Astrocytes can also support the synchronization of neighboring neurons, or partial synchronization construct, which can be enhanced by increasing of inhibitory dynamics. In heterogeneous inhibitory networks with sparse random connectivity, inhibition dynamics offer duality in both suppressing the population activity, and producing a neural reactivation. Synchronization of spike transmission within circuits occurs when inputs from the excitatory neurons to the adjacent inhibitory neurons are sufficiently strong. The coupling strength is controlled by inhibitory innervation: when the inhibitory input is present, i.e. intermediate coupling, the neurons spike with diminutive rhythmicity/synchrony. The effect of this coupling is illustrated in FIG. 6A and FIG. 6B.

FIGS. 6A and 6B show coordinated events in a source population convey feedforward a) excitation, and b) inhibition; the shift to higher excitation/inhibition sets neurons in a fast/slow firing behavior with sparse bursts; for each synchrony partition a population of postsynaptic neurons is assigned; synchrony partitions are mapped to patterns of postsynaptic activity.

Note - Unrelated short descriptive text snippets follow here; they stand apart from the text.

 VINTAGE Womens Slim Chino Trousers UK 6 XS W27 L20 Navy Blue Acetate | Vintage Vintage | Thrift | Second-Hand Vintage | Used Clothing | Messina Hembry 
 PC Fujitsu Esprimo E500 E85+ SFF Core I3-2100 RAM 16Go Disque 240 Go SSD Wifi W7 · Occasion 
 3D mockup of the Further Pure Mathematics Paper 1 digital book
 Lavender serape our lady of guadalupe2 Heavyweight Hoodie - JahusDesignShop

The duration selectivity curves are non-symmetrical to contend with heterogeneity in spike latency and resulting latency curves. The initial transient dynamics set through synaptic coupling guide the network towards the stationary dynamical regime. With increased coupling, a transition occurs from an ensemble of individually firing neurons to a coherent synchronized network. The neurons generate time-locked patterns; due to the interaction between conductance delay and plasticity rules, the network is forming a set of neuronal groups with reproducible and precise firing sequences, which are conditional to an activation pattern. As the conductance is increased (consequently, resulting in a net excitation to network), the firing rates increase and become more uniform with a lower coefficient of variation. The sequence of synaptic current, i.e., outward, inward, decreases temporal jitter in the generation of action potentials in individual neurons, and, consequently, create a network with increased controllability of a synchronized activity and homeostatic regulation.

Both graphs show position on both axes. By the invention the excitation (A) and inhibition (B) events are localized in space, as shown by black, bolt dots. If one were to overlay these figures, the regions in space where both excitation and inhibition occurs can be used to control the dynamics using both excitation and inhibition.

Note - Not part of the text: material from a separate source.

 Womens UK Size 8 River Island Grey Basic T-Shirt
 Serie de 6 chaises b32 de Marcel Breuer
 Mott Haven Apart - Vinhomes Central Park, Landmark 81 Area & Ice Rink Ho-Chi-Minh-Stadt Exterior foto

Note that features of any of the embodiments disclosed herein may be combined in an appropriate manner. For example, the different feedback and control structures disclosed above such as AMPA-, GABA-, and NMDA receptors, axon-, dendrite- and neuron back-propagation channels and the astrocytes structure may be taken by themselves or be combined in an appropriate manner. The same holds for the dendrite-, IP3-, mGluR-, local neuron- and axon back-propagation receptors, as well as the weight- and calcium elements, the derivation unit (differentiator) and the signal restoration units.

By way of example, receptors could be formed using gm-C filters, neural spike generators could be (positive-feedback enhanced) inverters, weight elements could be implemented through different (static or dynamic) memory elements (latches, leakage-compensated capacitor, SRAM cells, et cetera).